### Data for processing:
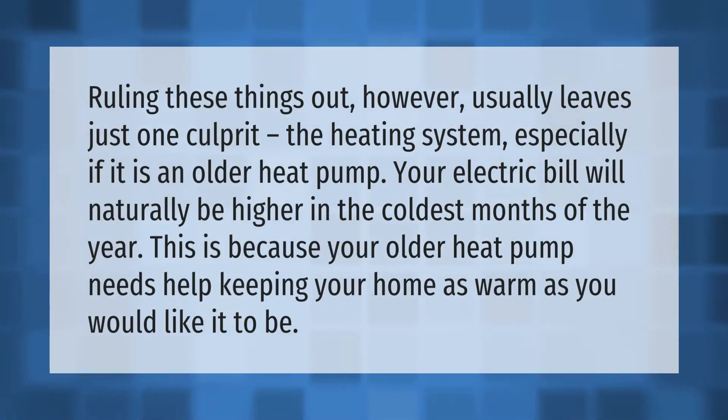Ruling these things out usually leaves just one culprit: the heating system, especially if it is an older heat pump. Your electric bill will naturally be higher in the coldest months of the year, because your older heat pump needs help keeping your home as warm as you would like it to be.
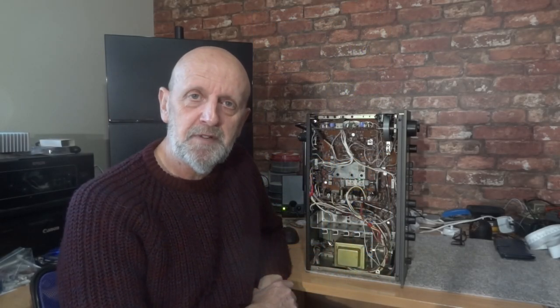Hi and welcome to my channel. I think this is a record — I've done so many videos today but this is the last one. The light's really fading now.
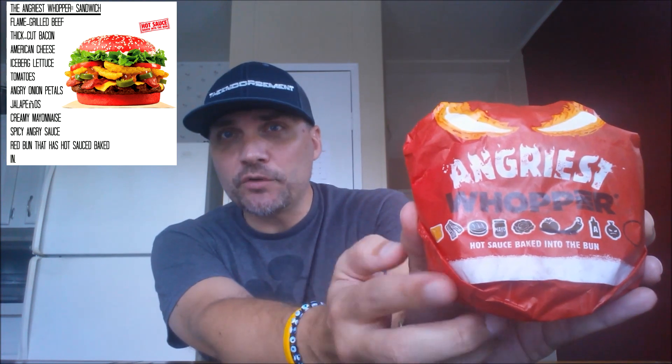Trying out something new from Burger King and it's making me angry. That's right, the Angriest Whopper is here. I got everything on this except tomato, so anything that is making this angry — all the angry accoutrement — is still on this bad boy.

---

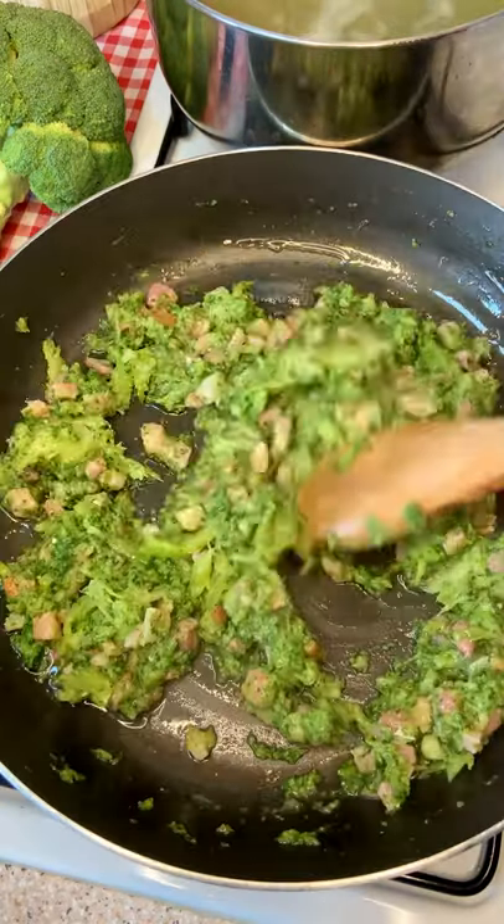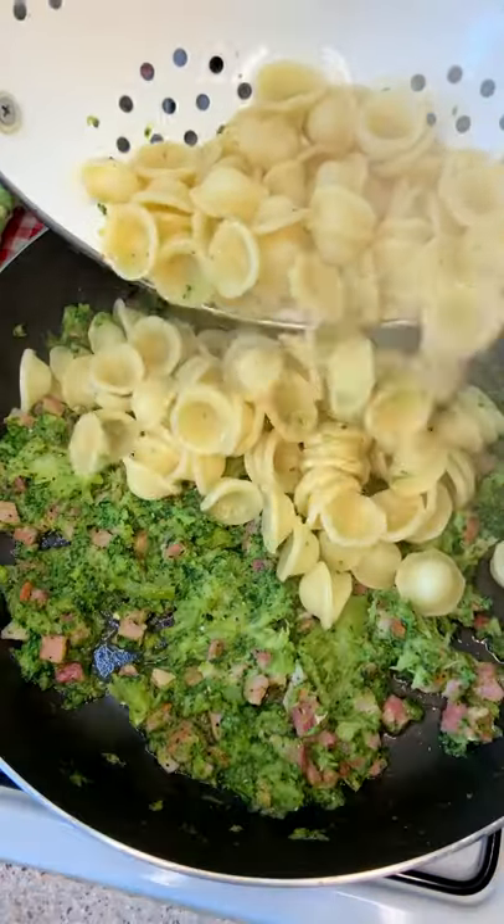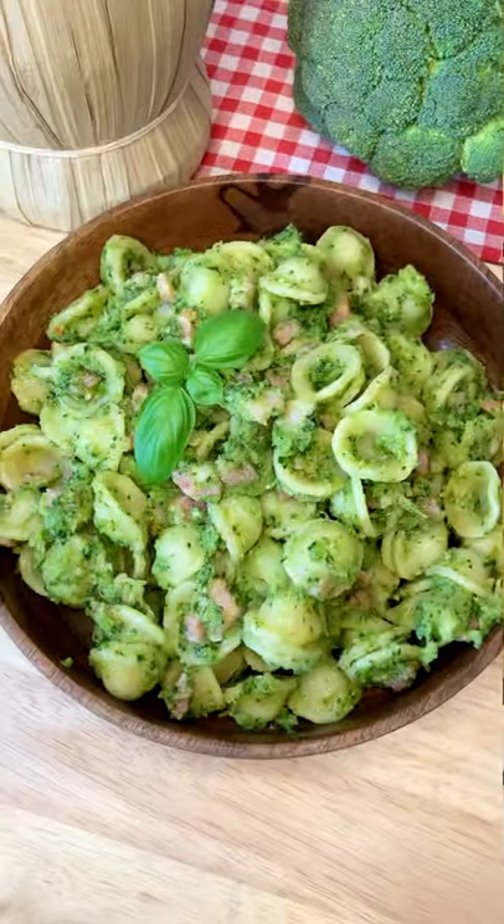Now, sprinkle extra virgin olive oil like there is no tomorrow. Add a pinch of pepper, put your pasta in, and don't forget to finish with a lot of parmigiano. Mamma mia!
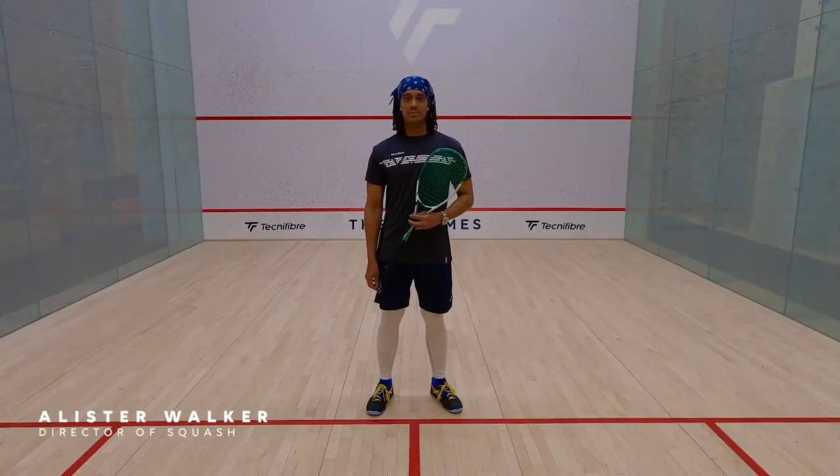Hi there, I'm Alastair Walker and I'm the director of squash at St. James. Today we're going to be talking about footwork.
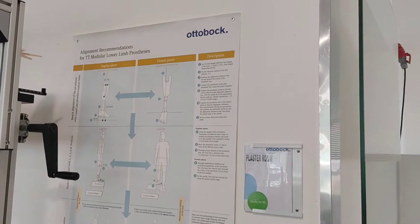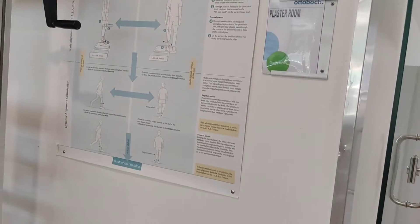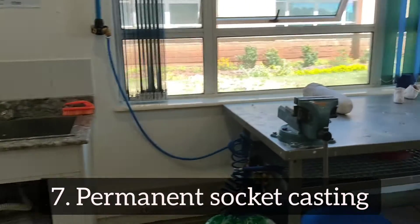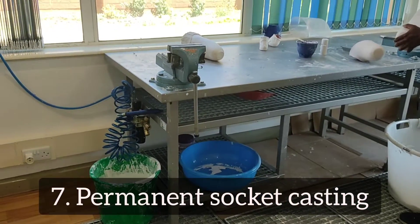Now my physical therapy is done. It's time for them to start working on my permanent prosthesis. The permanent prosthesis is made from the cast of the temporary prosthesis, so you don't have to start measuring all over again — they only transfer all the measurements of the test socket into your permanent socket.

### Exercise brief:
Return the material from the line containing "Hi there, I'm" through the line containing "Now my physical", exactly and in full, but without its pictures.

### Finished task:
Hi there, I'm Alastair Walker and I'm the director of squash at St. James. Today we're going to be talking about footwork.
Now my physical therapy is done. It's time for them to start working on my permanent prosthesis. The permanent prosthesis is made from the cast of the temporary prosthesis, so you don't have to start measuring all over again — they only transfer all the measurements of the test socket into your permanent socket.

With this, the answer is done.